Quantitative analysis and 3D modeling of collective nest construction in ants
Centre de Recherches sur la Cognition Animale, CNRS, France
The amazing ability of social insects to solve everyday-life problems, also known as ‘swarm intelligence’, has received considerable attention in the past 20 years. One of the most famous feats of insect societies is their ability to build impressive nest architectures. Not only is their characteristic scale typically much larger than the size of individual insects but some of these nests can also be highly complex. The evolution of construction techniques used by ants, wasps, bees and termites has provided a whole set of innovations in terms of architectural designs that proved to be efficient to solve problems as various as controlling nest temperature, ensuring gas exchanges with the outside environment or adapting nest architecture to growing colony size.

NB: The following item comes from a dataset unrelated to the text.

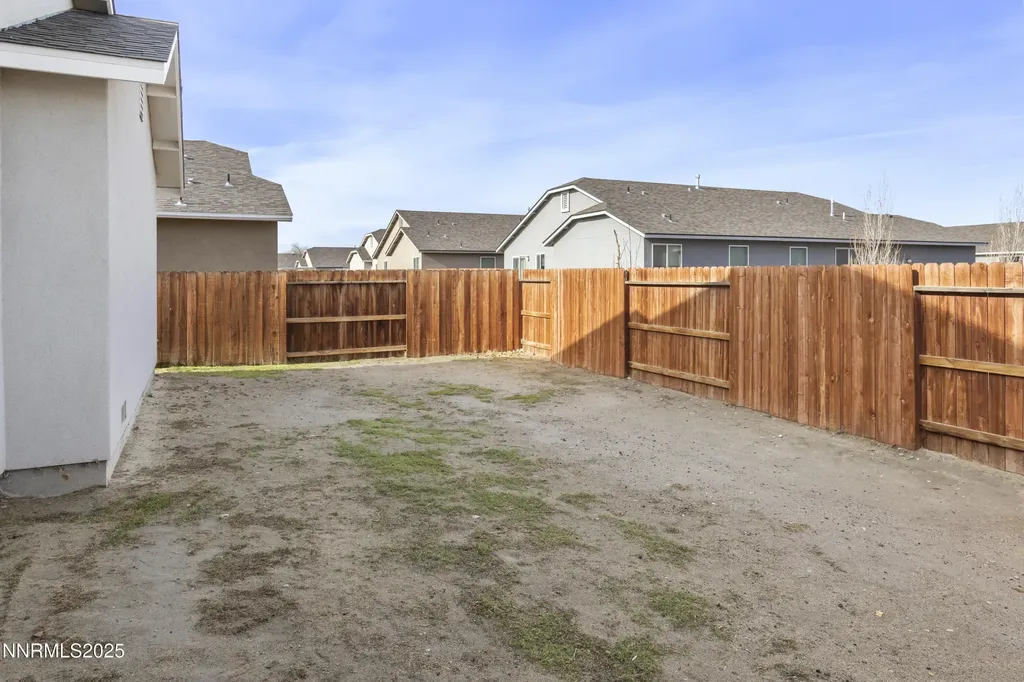 2516 Ladera Fallon NV 89406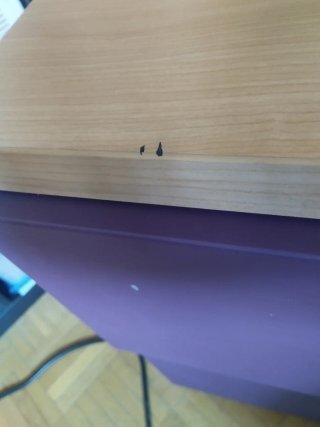 Cajonera de madera beige y morada con ruedas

The big question is: how do these efficient designs emerge from the combination of millions of local building actions performed by individual workers? And how do insects interact with each other to coordinate their building actions? To investigate these issues, we use a combination of experimental and modeling approaches to decipher the mechanisms involved in the coordination of nest building in the ant Lasius niger. We first characterize nest architecture and its growth with 3D imaging techniques; then we test the building responses of individual ants to artificial stimuli. In a second step, we develop a 3D model implementing the mechanisms detected on the individual level and show that it can quantitatively reproduce the construction dynamics and the spatial patterns observed at the collective level in various conditions. Our results show that a pheromone added by ants to the building material is a key factor that controls the growth and form of nest architecture. The model also reveals that complex helicoidal structures connecting nearby chambers emerge from a constant remodeling process of nest architecture. This modeling approach in which all of the model’s ingredients are validated by dedicated experiments provides a way to assess the contribution of each behavioral component at the individual level to the emergent collective properties.